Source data

-=-=-

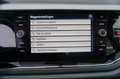 Volkswagen Polo 1.0 TSI 95pk Comfortline | Zwarte Dak | Apple Carp Blanco - thumbnail 47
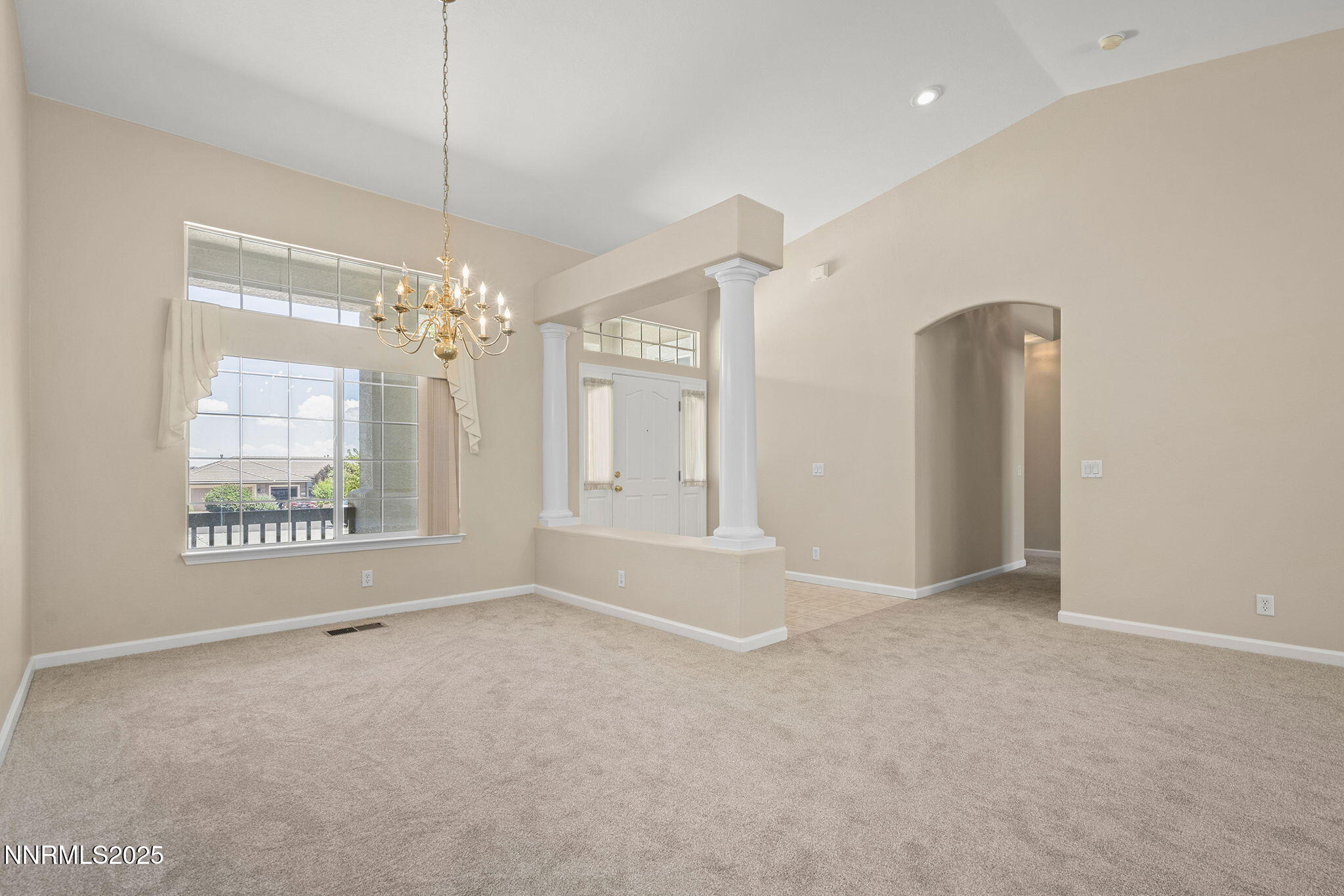 1060 Flanders Road Reno, NV 89511 - Photo 5 of 33 14-web-or-mls-_DSC0206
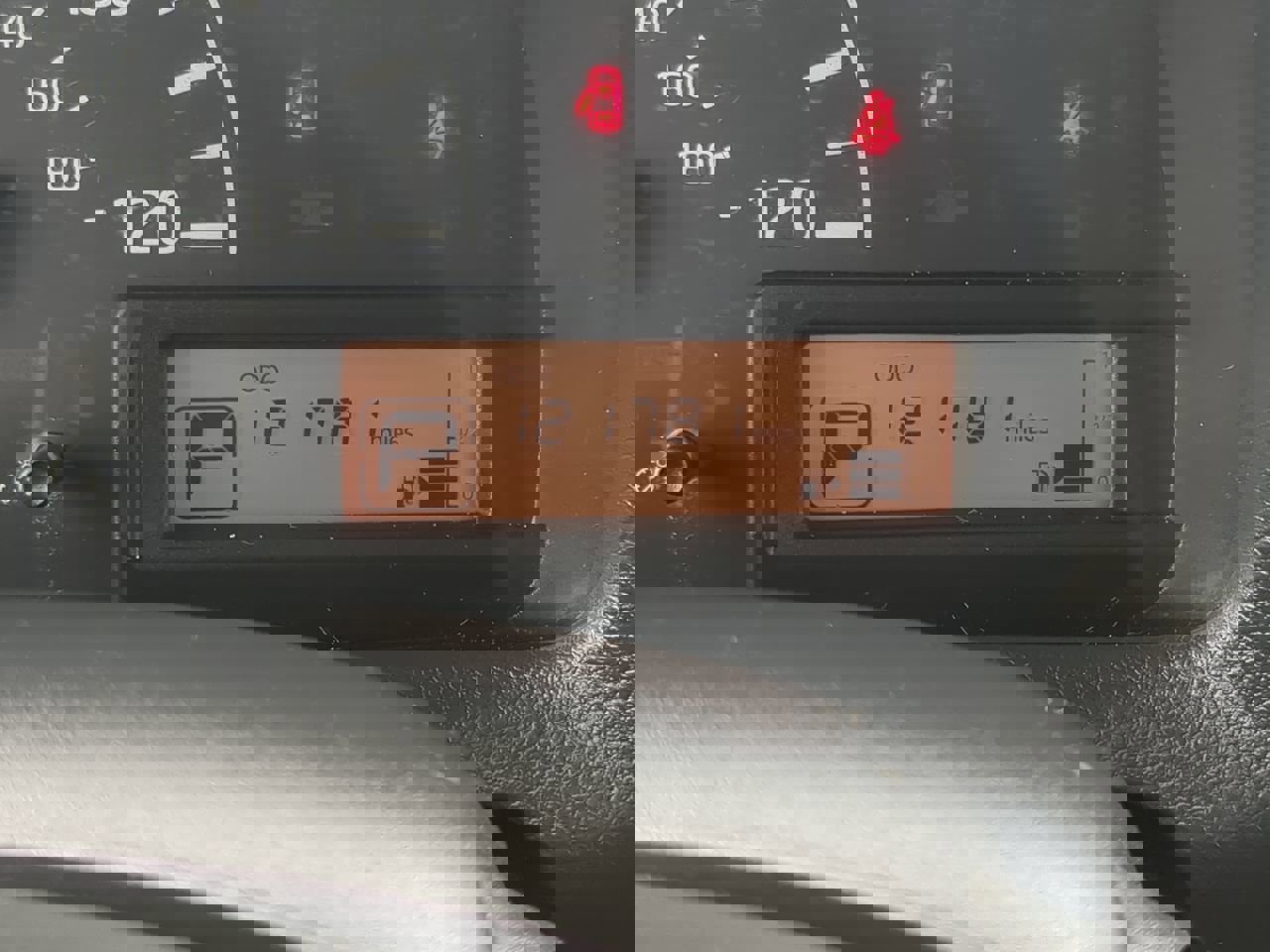 View 24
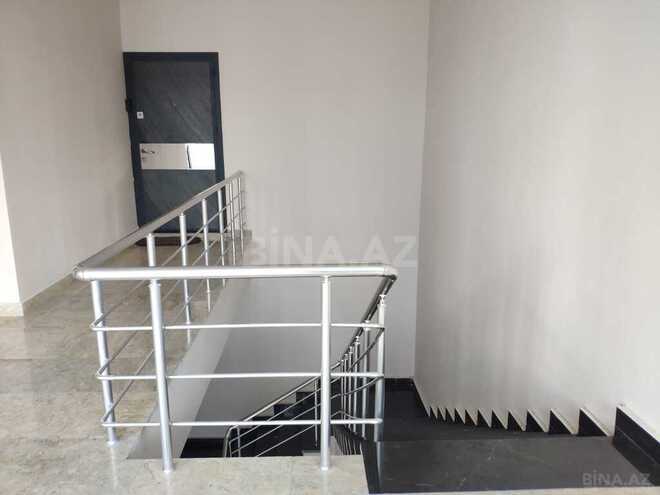 Satılır  obyekt 615 m², 28 May m., photo 6 from 13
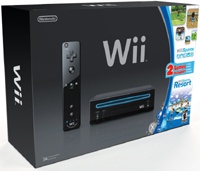 Nintendo NX имеет шанс на успех, но не станет новой Wii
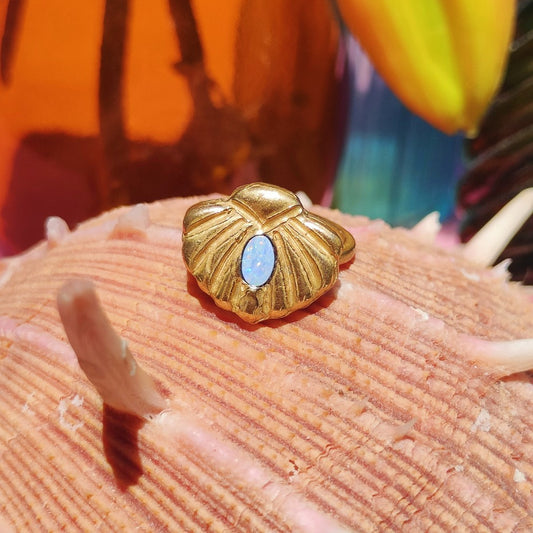 Ondina opal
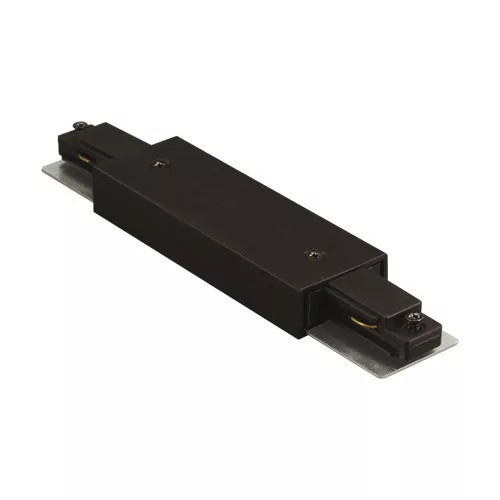 CONNECTOR toldó PS230V I BLACK
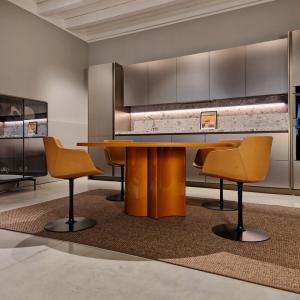 bol-tavolo-zanotta-outlet-2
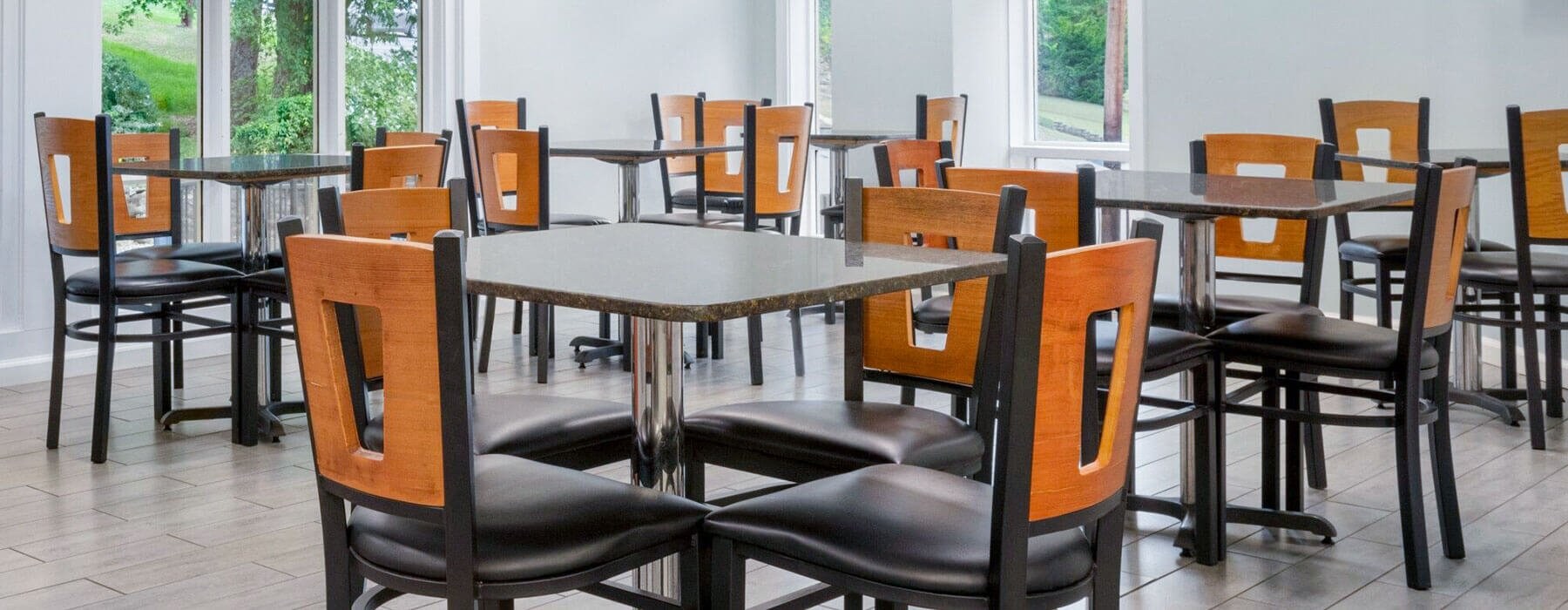Nearby Dining Gatlinburgriverinn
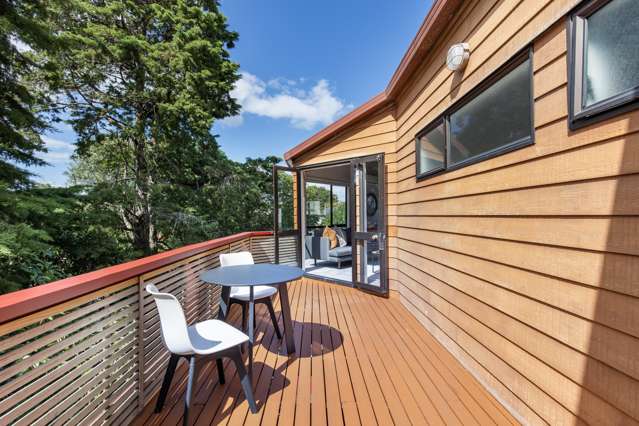 116 New Windsor Road New Windsor_1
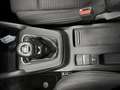 Ford Focus 1.0i EcoBoost 74kW Connected Zwart - thumbnail 20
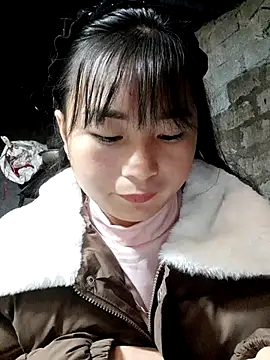 Sunyinn online show from November 5, 2:33 am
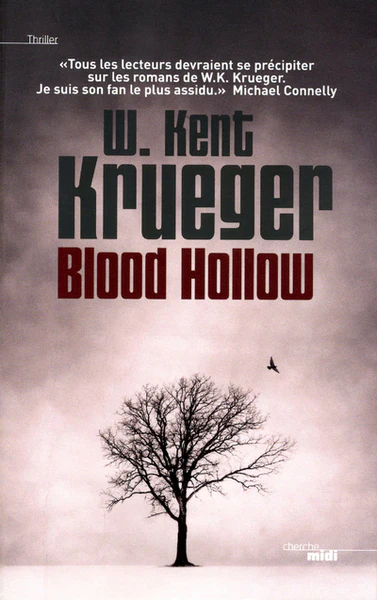 Blood Hollow - Image 2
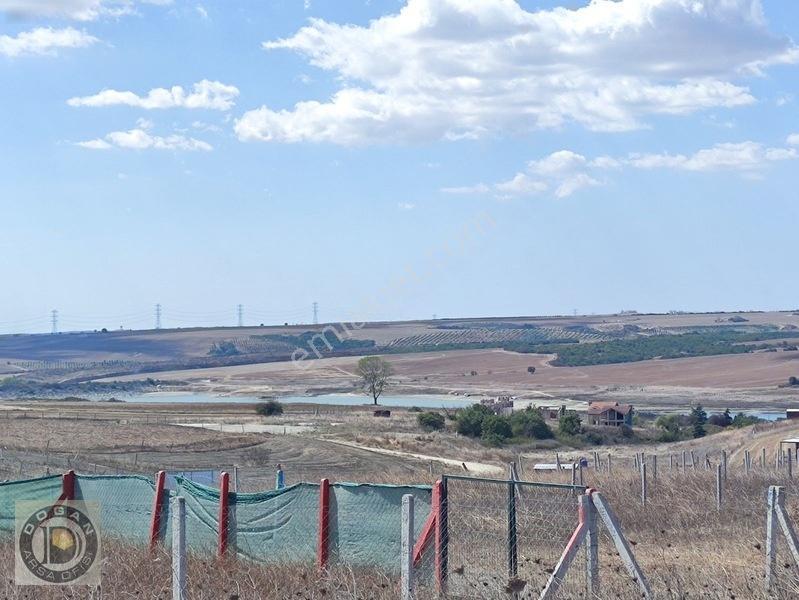 Silivri Balabanda Satılık İmarlı İfrazlı 260 Metre Kelepir Arsa — fotoğraf 18
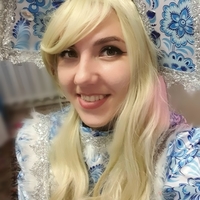 ���������� #2320743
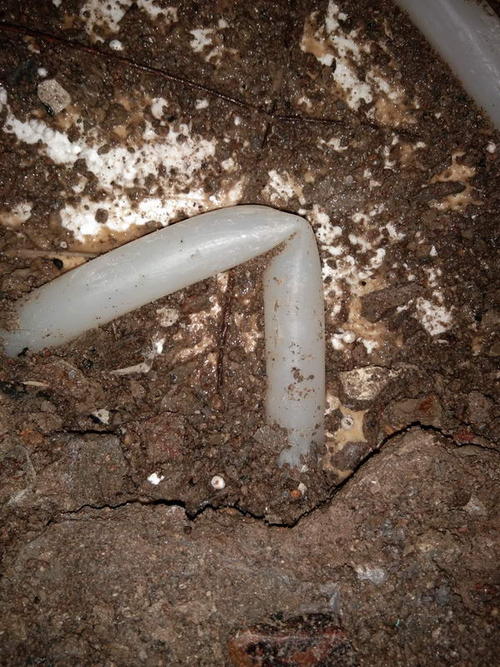 范县堵点精准查找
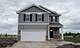 513 Adirondack, Joliet, IL 60436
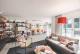 DER ETWAS ANDERE BUNGALOW Haus kaufen 46509 Xanten Bild thumb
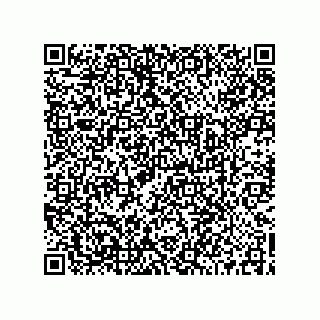 vCard 73519056720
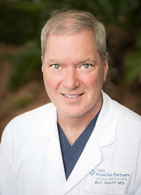 Eliot B Sieloff, MD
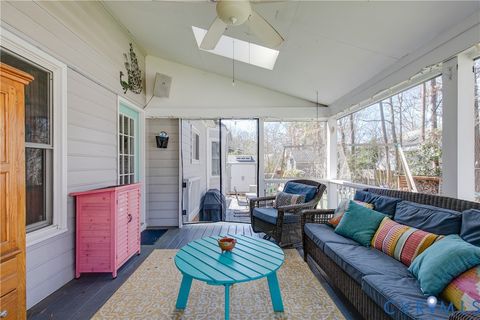 Tiny photo for 2734 Dalkeith Drive, Henrico, VA 23233 (MLS # 2606326)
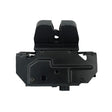 Tailgate Boot Lock Latch Actuator Mechanism Fit For Holden Commodore VE Wagon 2006-2013 DLA-HLN006 - Machter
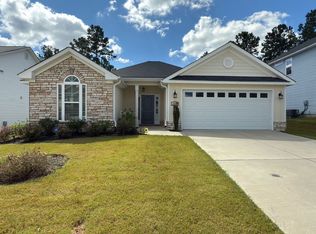 717 Goodale Dr, Augusta, GA 30909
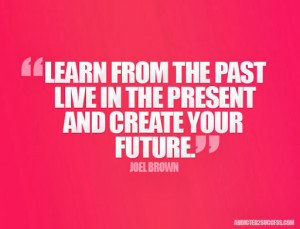 File Name : Joel-Brown-Inspirational-Picture-Quotes.jpg Resolution ...
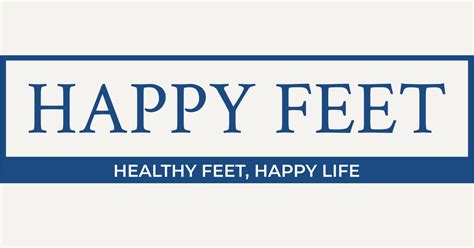 Happy Feet Anti-Fatigue Mats – Happy Feet Mats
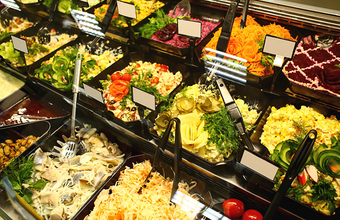 Перестановки в правительстве: Путин отправил в отставку нескольких министров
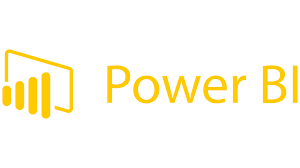 power bi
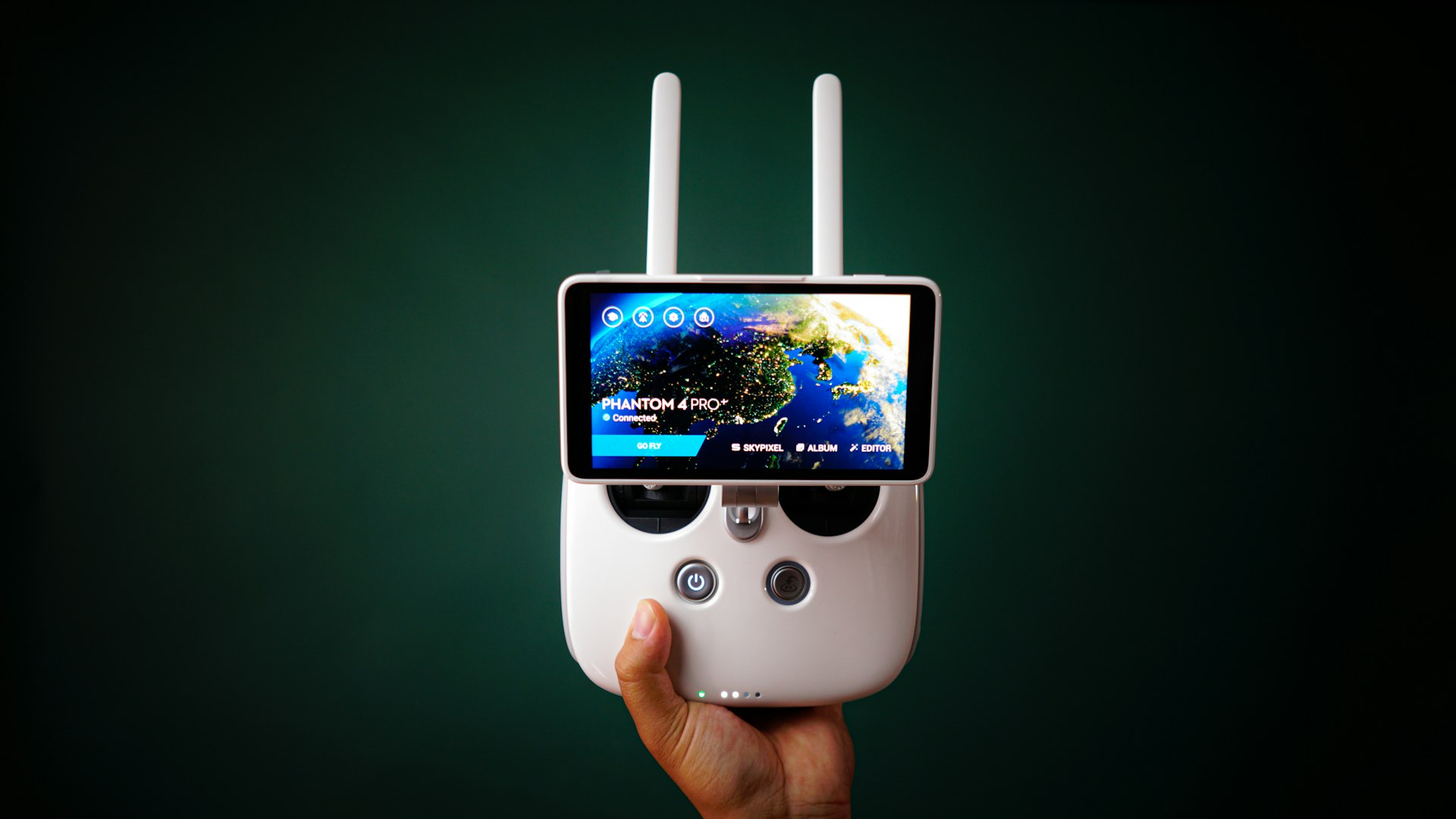 Unlocking Access: How AI-Powered Speech Recognition Is Transforming Accessibility Tools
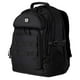 thumbnail image 1 of Mochila OGIO Black 2 Tech Vault Nylon Resistente a los Golpes, 1 of 3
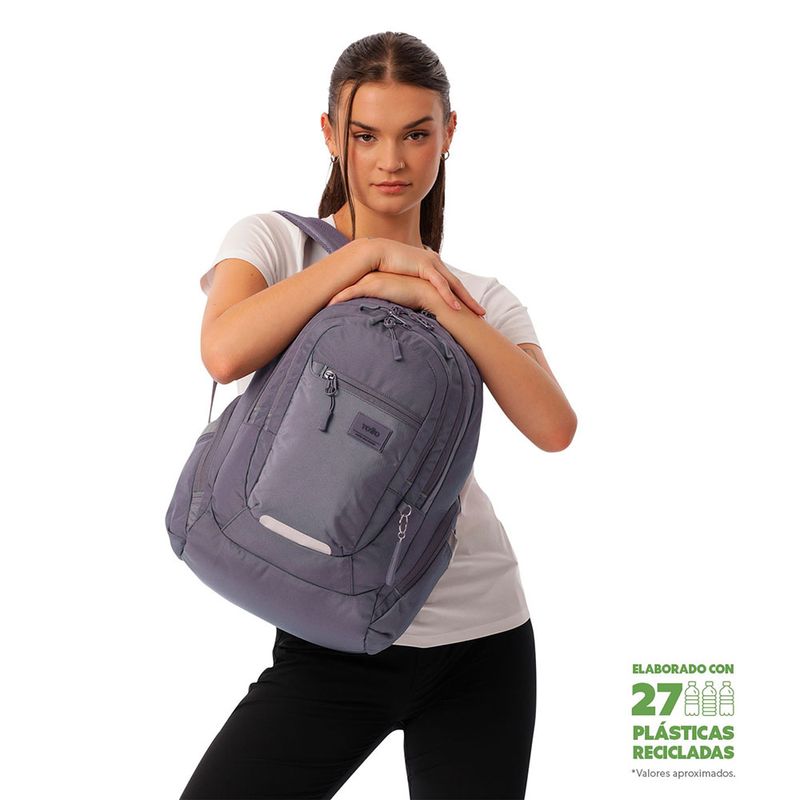 104815400-Mochila-Totto-porta-laptop-13--morada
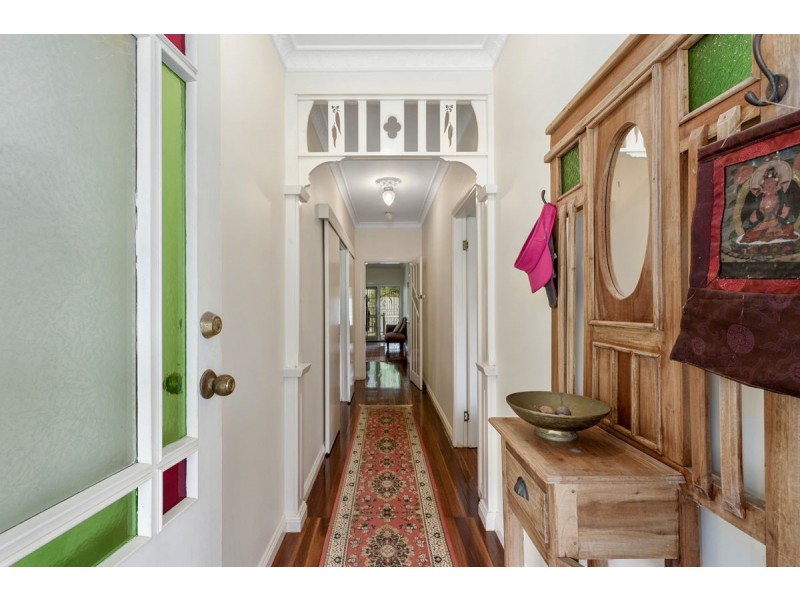 205 Mitchells Road, Valla NSW 2448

-=-=-

## ACTIVITY:
Copy out exactly, with no pictures, the lines of the data from the first one through the line bearing "thumbnail image 1".

## ANSWER BELOW:
 Volkswagen Polo 1.0 TSI 95pk Comfortline | Zwarte Dak | Apple Carp Blanco - thumbnail 47
 1060 Flanders Road Reno, NV 89511 - Photo 5 of 33 14-web-or-mls-_DSC0206
 View 24
 Satılır  obyekt 615 m², 28 May m., photo 6 from 13
 Nintendo NX имеет шанс на успех, но не станет новой Wii
 Ondina opal
 CONNECTOR toldó PS230V I BLACK
 bol-tavolo-zanotta-outlet-2
Nearby Dining Gatlinburgriverinn
 116 New Windsor Road New Windsor_1
 Ford Focus 1.0i EcoBoost 74kW Connected Zwart - thumbnail 20
 Sunyinn online show from November 5, 2:33 am
 Blood Hollow - Image 2
 Silivri Balabanda Satılık İmarlı İfrazlı 260 Metre Kelepir Arsa — fotoğraf 18
 ���������� #2320743
 范县堵点精准查找
 513 Adirondack, Joliet, IL 60436
 DER ETWAS ANDERE BUNGALOW Haus kaufen 46509 Xanten Bild thumb
 vCard 73519056720
 Eliot B Sieloff, MD
 Tiny photo for 2734 Dalkeith Drive, Henrico, VA 23233 (MLS # 2606326)
 Tailgate Boot Lock Latch Actuator Mechanism Fit For Holden Commodore VE Wagon 2006-2013 DLA-HLN006 - Machter
 717 Goodale Dr, Augusta, GA 30909
 File Name : Joel-Brown-Inspirational-Picture-Quotes.jpg Resolution ...
 Happy Feet Anti-Fatigue Mats – Happy Feet Mats
 Перестановки в правительстве: Путин отправил в отставку нескольких министров
 power bi
 Unlocking Access: How AI-Powered Speech Recognition Is Transforming Accessibility Tools
 thumbnail image 1 of Mochila OGIO Black 2 Tech Vault Nylon Resistente a los Golpes, 1 of 3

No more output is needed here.